Bisher hat die Gemeindepolizei keine Kenntnis von weiteren Funden erhalten, ebenso wenig von Vergiftungen. «Trotzdem empfehlen wir den Hundehaltern, dass sie in diesem Gebiet weiterhin und besonders gut auf ihre Tiere aufpassen», sagt Andreas Müller, Leiter der Gemeindepolizei Reinach. «Man sollte darauf achten, dass sie keine unbekannten Gegenstände ins Maul nehmen, darauf herumkaufen oder diese sogar verschlucken.» Falls dies doch geschehen sei, solle man umgehend einen Tierarzt aufsuchen, auch wenn das Tier keine Anzeichen für eine Vergiftung zeige. «Und man sollte uns derartige Funde unbedingt melden.»
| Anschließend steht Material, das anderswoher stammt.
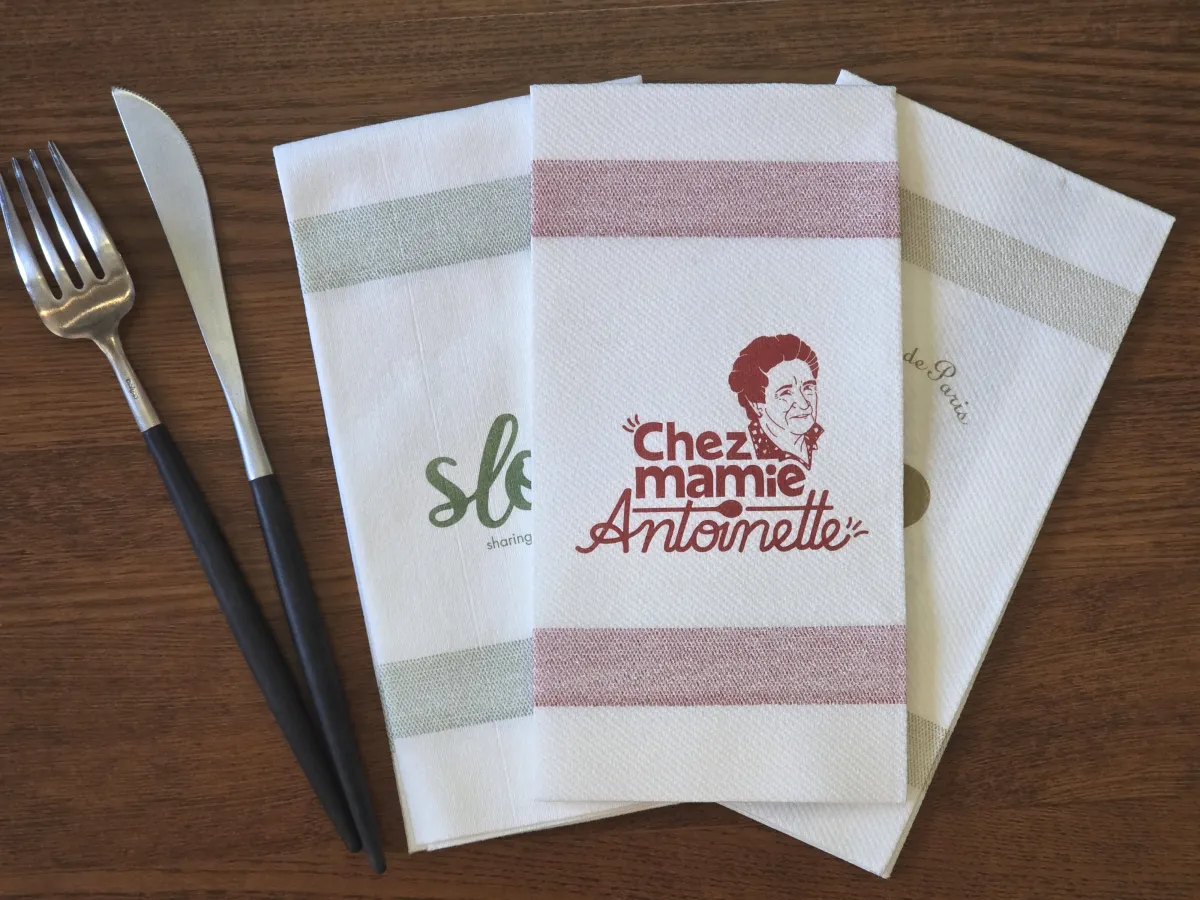 Serviettes Personnalisables à lanières – Déco bistro et choix des couleurs pour Restaurants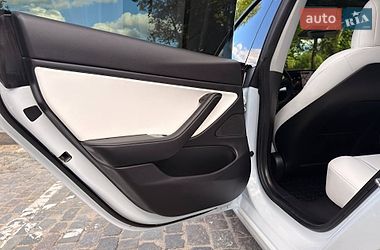 Седан Tesla Model 3 2019 в Харькове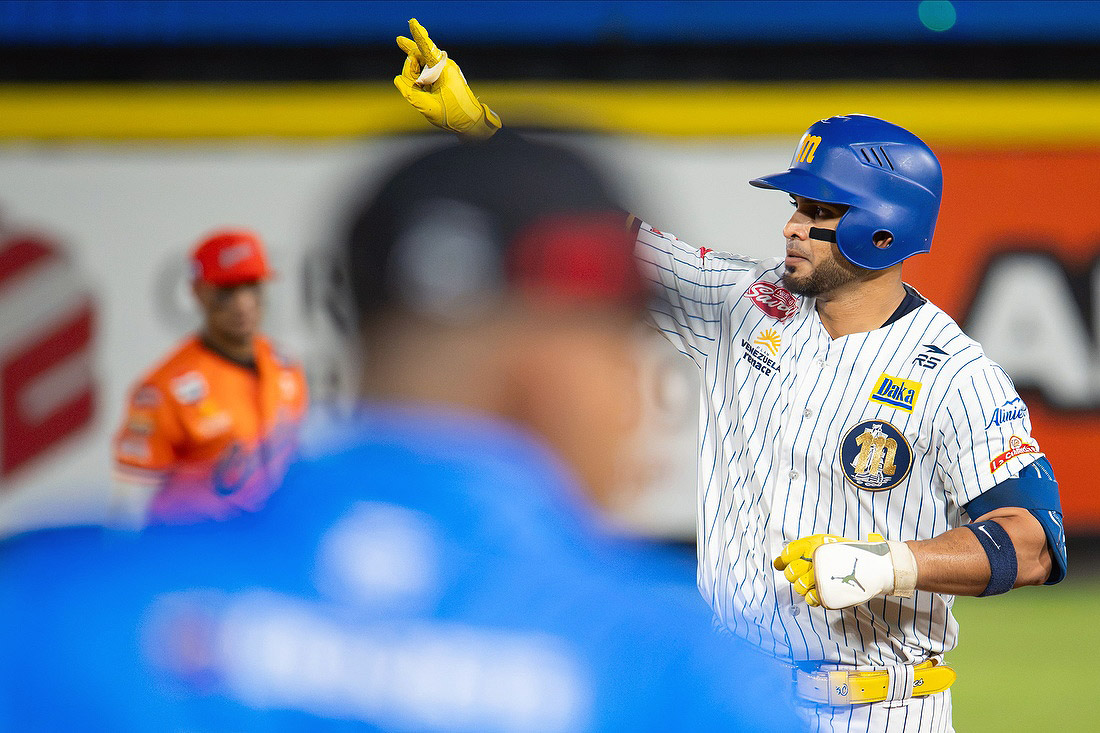 Ángel Reyes Navegantes del Magallanes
Die Gemeindepolizei hat keines der beschriebenen Hackfleischbällchen zu Gesicht bekommen, deshalb konnte sie auch keines analysieren lassen. Somit sei es auch nicht möglich, sagt Müller, eine Aussage darüber zu machen, ob diese tatsächlich Gift enthalten hätten. Auch bei der Baselbieter Polizei sind keine Meldungen über verdächtige Gegenstände in Reinach eingegangen.

Plötzlich gelähmte Beine

Die Warnung aus Reinach weiterverbreitet hat unter anderem der Tierschutz beider Basel. Geschäftsleiterin Béatrice Kirn sagt, derartige Hinweise aus der Nordwestschweiz würden im Schnitt zweimal pro Jahr eingehen. Vor Reinach seien Meldungen aus Gelterkinden und vom erwähnten Fall vom Schützenmattpark eingegangen. Kirn erinnert sich an eine Mitarbeiterin des Tierschutzes, deren Tier Opfer eines Köders wurde. «Ihr Hund ass ein Stück Fleisch, das er am Birsufer aufgestöbert hatte.» Rasch hätten sich Lähmungserscheinungen gezeigt, so habe das Tier die Hinterbeine nicht mehr bewegen können. «Die Mitarbeiterin ging sofort zum Tierarzt, das Tier konnte gerettet werden.»

Die Köder vom Schützenmattpark wurden vom Institut für Gerichtsmedizin in Basel untersucht. Der Basler Kantonstierarzt Michel Laszlo schreibt auf Anfrage, dies sei der jüngste derartige Fall gewesen, in dessen Rahmen man eine Analyse durch geführt habe. Über die nachgewiesenen Stoffe will Laszlo keine näheren Angaben machen, «wegen der Gefahr von möglicher Nachahmerschaft». Es gebe aber eine Vielzahl von Stoffen, die für Tiere unter Umständen schädlich sein könnten. Sie fänden sich auch in jedem Haushalt, sagt Laszlo – und sogar in Nahrungsmitteln.